■ INSTRUCTIONS FOR THE TASK ■
Find every line below where the string "Monster" shows up, and copy those lines.

■ ENTRIES SUPPLIED ■
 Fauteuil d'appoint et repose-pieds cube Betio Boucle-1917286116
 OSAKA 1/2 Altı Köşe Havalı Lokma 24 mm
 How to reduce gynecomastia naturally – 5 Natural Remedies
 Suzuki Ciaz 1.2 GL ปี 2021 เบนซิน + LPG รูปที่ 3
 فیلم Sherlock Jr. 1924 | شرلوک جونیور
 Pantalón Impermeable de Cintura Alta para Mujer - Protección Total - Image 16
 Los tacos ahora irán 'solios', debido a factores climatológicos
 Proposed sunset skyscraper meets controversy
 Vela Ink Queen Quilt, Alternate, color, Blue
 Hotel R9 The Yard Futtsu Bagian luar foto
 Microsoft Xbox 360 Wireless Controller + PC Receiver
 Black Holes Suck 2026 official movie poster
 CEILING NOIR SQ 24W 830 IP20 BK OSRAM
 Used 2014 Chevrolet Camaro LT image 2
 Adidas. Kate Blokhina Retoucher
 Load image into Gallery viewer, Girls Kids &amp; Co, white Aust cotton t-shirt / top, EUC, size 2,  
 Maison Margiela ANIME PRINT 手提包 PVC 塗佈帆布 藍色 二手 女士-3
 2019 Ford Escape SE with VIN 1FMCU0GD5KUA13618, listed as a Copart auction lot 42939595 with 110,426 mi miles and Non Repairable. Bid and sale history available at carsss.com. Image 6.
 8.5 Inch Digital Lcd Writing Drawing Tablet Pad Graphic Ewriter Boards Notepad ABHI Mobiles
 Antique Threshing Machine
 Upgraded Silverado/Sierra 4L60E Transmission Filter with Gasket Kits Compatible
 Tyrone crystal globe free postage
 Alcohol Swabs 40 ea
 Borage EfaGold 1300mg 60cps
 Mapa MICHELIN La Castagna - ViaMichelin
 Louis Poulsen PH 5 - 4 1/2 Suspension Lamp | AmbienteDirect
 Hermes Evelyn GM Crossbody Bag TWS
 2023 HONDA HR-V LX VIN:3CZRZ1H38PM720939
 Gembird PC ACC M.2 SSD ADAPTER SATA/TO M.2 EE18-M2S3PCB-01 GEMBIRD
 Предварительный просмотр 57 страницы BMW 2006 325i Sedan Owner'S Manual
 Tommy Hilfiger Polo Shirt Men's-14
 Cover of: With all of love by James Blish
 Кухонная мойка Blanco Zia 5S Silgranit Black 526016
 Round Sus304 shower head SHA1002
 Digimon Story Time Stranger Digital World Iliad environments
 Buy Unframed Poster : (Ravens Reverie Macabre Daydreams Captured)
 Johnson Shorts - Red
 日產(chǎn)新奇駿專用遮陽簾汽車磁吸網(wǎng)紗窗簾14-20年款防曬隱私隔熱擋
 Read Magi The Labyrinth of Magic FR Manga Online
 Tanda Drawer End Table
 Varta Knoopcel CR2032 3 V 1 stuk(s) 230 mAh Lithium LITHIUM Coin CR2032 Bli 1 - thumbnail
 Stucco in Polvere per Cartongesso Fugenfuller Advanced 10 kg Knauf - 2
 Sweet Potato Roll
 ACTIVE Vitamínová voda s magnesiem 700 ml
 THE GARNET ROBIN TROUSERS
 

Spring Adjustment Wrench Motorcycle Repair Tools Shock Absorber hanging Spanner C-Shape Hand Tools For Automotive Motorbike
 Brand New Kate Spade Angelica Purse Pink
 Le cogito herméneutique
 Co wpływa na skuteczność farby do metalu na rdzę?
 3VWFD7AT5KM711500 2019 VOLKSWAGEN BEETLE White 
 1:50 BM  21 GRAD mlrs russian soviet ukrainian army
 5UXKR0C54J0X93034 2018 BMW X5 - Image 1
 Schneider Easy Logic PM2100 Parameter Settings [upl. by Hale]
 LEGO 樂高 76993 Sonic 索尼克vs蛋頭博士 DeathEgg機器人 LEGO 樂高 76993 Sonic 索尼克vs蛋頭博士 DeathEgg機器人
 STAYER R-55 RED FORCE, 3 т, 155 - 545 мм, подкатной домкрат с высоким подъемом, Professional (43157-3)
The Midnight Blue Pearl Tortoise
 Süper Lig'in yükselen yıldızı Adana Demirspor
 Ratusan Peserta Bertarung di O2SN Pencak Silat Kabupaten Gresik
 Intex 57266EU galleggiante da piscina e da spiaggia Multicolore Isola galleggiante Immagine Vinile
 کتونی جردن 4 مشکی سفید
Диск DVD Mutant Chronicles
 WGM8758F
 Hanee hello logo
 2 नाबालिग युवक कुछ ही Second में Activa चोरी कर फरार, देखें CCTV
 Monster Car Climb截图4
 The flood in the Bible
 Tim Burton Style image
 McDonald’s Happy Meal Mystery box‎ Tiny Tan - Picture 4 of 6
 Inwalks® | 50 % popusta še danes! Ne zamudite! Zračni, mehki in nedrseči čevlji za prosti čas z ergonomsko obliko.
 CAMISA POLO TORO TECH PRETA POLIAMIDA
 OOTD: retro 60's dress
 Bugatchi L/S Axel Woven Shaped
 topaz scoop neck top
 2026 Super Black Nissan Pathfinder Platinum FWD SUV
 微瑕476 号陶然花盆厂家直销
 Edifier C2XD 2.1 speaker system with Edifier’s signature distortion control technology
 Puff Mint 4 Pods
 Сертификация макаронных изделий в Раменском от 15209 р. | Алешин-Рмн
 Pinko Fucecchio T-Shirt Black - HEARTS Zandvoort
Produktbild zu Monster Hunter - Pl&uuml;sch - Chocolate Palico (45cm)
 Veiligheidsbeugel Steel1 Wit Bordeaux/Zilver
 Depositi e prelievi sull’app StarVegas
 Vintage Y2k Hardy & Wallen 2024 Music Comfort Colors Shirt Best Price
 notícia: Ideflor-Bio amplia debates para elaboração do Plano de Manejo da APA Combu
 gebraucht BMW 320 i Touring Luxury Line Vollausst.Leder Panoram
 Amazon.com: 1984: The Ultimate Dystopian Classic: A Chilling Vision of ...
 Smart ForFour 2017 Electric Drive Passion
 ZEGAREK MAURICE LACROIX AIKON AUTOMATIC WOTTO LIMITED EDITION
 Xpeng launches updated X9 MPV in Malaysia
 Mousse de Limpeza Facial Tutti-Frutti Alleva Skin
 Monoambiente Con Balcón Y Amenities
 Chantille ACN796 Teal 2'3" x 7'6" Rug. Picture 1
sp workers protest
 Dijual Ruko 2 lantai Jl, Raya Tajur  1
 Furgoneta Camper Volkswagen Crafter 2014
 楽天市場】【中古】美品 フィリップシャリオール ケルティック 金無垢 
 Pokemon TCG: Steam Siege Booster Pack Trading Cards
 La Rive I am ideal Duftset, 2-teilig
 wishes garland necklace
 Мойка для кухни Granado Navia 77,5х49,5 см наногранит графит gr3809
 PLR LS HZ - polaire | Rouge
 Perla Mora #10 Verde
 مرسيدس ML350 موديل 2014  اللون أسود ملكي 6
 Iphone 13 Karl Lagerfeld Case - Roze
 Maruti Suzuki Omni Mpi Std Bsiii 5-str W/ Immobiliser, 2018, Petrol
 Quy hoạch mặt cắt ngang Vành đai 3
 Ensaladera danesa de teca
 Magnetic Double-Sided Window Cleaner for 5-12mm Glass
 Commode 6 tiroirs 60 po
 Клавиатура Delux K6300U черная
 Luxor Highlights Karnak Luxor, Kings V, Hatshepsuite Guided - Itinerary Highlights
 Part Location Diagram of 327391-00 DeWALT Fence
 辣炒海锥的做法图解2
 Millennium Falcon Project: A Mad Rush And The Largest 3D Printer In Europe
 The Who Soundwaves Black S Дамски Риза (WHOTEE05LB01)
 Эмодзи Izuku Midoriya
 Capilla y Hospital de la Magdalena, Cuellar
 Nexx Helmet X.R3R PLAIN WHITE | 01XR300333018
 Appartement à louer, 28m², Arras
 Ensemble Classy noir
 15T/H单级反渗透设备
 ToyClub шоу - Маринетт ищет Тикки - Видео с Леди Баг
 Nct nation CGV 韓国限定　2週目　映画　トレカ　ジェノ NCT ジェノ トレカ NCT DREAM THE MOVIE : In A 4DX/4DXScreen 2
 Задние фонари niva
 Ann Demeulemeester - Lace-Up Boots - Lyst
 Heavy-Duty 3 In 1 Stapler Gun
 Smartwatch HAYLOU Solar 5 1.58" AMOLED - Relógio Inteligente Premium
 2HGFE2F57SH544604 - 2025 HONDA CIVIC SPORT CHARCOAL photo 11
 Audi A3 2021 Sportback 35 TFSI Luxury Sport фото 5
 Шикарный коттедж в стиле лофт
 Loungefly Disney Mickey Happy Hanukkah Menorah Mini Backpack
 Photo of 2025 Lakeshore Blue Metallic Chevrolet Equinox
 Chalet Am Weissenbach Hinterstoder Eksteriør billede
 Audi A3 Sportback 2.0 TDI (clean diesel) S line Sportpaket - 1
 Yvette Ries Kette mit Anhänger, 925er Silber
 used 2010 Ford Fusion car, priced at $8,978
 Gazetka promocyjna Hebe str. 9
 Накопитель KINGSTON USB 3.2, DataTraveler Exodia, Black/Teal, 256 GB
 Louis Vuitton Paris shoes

■ EXERCISE RESULT ■
 Monster Car Climb截图4
Produktbild zu Monster Hunter - Pl&uuml;sch - Chocolate Palico (45cm)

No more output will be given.